Work instruction - All lines in the material below that hold "bedroom" should be found and copied.

= = = = = = =

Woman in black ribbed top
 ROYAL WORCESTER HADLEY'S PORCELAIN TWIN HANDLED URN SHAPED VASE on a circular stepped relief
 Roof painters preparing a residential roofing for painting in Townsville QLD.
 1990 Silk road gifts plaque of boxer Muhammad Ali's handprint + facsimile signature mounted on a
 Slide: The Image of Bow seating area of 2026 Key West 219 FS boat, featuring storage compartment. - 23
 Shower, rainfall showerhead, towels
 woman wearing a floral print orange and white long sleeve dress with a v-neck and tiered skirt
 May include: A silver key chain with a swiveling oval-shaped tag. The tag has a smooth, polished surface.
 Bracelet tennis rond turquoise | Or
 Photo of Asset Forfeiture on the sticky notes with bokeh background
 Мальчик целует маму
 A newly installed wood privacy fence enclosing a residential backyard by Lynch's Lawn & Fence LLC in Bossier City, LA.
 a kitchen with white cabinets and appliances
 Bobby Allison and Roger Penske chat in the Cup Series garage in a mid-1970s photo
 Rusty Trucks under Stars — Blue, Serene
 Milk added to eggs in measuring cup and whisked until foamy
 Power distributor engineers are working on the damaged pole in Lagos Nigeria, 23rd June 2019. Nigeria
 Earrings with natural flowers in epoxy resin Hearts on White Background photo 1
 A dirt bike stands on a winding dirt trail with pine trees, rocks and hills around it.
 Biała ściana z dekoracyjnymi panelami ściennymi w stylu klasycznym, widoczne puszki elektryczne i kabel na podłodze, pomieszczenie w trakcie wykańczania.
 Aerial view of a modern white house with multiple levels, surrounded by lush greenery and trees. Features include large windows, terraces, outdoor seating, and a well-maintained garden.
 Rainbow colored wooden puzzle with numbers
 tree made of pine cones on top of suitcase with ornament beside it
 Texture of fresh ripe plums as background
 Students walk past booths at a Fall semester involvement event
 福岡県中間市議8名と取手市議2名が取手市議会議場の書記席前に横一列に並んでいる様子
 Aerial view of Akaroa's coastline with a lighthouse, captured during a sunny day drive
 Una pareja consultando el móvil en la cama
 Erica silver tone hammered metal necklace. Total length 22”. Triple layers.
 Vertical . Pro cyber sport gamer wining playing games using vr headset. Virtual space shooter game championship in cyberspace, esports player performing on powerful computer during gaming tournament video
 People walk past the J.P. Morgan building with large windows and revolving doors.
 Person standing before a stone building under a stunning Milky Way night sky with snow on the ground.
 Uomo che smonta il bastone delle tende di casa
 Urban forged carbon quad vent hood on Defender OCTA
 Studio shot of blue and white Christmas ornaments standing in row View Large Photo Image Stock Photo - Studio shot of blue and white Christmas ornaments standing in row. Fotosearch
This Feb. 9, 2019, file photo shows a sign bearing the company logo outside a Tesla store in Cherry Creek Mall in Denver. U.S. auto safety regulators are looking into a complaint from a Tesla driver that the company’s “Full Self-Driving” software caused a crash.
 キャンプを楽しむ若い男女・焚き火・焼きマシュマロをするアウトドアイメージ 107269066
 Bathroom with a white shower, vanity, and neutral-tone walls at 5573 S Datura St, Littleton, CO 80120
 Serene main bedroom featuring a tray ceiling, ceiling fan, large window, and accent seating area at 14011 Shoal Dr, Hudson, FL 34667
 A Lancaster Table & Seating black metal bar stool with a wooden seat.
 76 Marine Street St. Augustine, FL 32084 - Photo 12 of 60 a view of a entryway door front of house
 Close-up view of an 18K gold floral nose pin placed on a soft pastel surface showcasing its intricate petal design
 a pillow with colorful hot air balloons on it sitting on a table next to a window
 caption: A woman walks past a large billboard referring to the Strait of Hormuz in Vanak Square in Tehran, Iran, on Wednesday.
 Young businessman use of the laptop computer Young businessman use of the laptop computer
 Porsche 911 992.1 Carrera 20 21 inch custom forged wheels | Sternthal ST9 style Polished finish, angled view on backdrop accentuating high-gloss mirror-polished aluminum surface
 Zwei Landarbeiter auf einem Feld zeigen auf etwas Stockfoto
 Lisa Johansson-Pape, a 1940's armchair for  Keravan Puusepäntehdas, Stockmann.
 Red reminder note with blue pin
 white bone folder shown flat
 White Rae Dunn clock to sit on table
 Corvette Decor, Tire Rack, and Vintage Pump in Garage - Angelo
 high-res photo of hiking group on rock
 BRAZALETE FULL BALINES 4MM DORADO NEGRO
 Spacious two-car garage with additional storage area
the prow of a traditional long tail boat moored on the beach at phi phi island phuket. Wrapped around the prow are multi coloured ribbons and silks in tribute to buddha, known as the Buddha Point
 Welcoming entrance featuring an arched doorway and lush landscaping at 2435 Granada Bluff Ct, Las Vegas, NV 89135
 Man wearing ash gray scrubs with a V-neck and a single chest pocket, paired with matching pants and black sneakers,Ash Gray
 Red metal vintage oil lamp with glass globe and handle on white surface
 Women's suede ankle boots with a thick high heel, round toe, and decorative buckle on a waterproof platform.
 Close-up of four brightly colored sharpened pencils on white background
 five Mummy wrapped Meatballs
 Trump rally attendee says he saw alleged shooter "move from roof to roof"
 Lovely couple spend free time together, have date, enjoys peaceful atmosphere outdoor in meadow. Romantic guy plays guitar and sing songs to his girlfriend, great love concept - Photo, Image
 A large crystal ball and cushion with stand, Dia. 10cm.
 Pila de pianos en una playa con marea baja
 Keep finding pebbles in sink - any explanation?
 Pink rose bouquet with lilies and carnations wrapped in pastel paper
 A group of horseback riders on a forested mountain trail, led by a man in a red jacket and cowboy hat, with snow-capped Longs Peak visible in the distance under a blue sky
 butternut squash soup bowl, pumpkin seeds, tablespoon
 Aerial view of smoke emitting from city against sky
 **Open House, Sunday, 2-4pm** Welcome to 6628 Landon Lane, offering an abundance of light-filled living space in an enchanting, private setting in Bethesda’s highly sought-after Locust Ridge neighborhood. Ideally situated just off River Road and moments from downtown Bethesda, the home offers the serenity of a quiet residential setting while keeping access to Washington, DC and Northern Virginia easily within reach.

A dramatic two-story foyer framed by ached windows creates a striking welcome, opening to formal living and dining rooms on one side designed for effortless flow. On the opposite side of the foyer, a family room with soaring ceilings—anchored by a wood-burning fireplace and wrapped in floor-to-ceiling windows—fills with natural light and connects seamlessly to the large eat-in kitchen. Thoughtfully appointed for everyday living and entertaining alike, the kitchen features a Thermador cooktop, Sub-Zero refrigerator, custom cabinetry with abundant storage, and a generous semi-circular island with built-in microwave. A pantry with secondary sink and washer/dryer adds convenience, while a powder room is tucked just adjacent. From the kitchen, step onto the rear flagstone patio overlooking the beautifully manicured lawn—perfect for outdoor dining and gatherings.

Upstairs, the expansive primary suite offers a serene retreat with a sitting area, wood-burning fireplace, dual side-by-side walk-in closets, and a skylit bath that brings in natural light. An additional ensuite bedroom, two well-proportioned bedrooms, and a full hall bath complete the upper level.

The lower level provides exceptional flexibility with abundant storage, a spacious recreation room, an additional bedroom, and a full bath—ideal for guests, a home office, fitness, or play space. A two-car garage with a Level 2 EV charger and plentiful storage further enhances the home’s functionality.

= = = = = = =

Result of this task -
 Serene main bedroom featuring a tray ceiling, ceiling fan, large window, and accent seating area at 14011 Shoal Dr, Hudson, FL 34667
Upstairs, the expansive primary suite offers a serene retreat with a sitting area, wood-burning fireplace, dual side-by-side walk-in closets, and a skylit bath that brings in natural light. An additional ensuite bedroom, two well-proportioned bedrooms, and a full hall bath complete the upper level.
The lower level provides exceptional flexibility with abundant storage, a spacious recreation room, an additional bedroom, and a full bath—ideal for guests, a home office, fitness, or play space. A two-car garage with a Level 2 EV charger and plentiful storage further enhances the home’s functionality.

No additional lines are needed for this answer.